This (hat tip to Matt Carlisle) from United Methodist Reporter on Blogging and the United Methodist Church:
United Methodist blogs give laity greater voice
The beauty of the Web, he said, is that it allows people to find each other. Readers often comment that they\’re happy to connect with someone who believes the same thing they do.
Matt adds this on his blog post:
mattcarlisle.com
faith groups developing websites need to now consider not only how will my website share who you are, and what you believe?, but how will you allow site visitors to contribute to the conversation?.
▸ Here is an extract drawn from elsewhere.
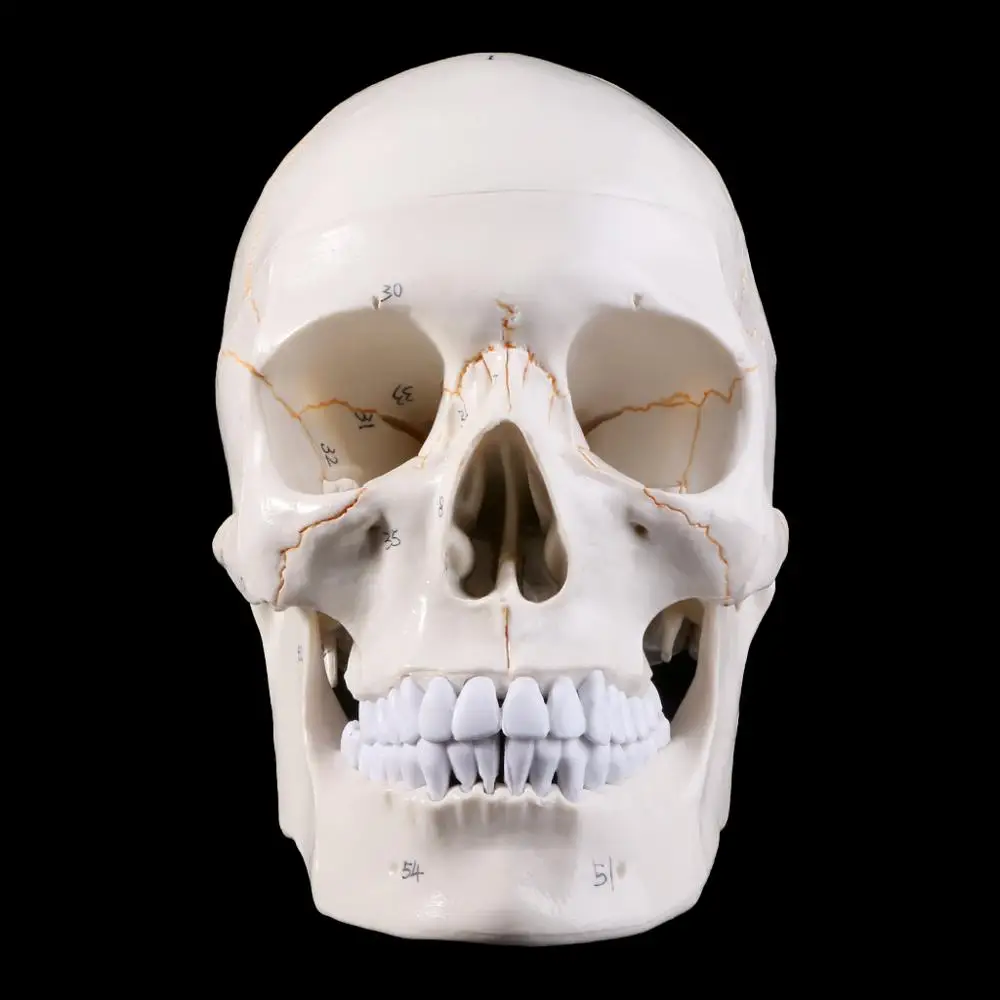 

Life Size Human Skull Model Anatomical Anatomy Medical Teaching Skeleton Head Studying Teaching Supplies M17F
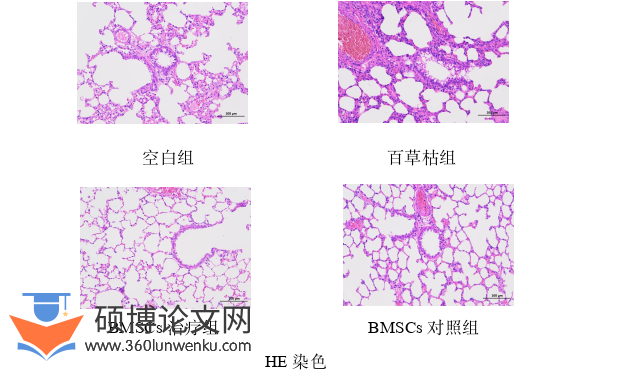 医学论文参考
This is the built-in component to the blogging tools that make the blog a natural enhancer of dialogue and the connector of ideas and shared spirtiual copncerns. The “comment”, the “trackback” and tools like Technorati have enabled people to create a massive personal database of aggregated, related content and conversation. In some ways, this is far beyond what the church is enabling. This is the danger posed by the separate, individualistic slant to nearly all churches in this culture. The personal and the dialogical has been supplanted by presentation and “push” approaches, rather than relationships and dialogue. This reality is what , in many ways, gives me a deeper affinity to people I meet and read online than I have with nearly every “church” I have encountered. The Church of the Saviour in Washington DC is the community (now a “tradition” all its own, with a “community of communities” present among several separate church entities that usually subtitle thmeselves as “a community in the Church of the Saviour tradition”). This relational, deep commitment to being on a journey together that is both Inward and Outward, is something that can be “resourced” by the blog and by developing Web 2.0 tools. There is a blog of daily reflections that was begun in April of this year that is collected and maintained by Church of the Saviour staf , inwardoutward, and it looks as though several folks across the country have found each other in the comments. I recently noticed a person who is now in Nashville making comments, and I intend to try and look them up here locally and share some stories about my journey with Church of the Saviour these past 30 years.
I like seeing articles like this. Perhaps we should start seeing more of this, and delve into the “tools” side of things with an eye to the THEOLOGICAL implications for how to enable and enhance and extend CHURCH.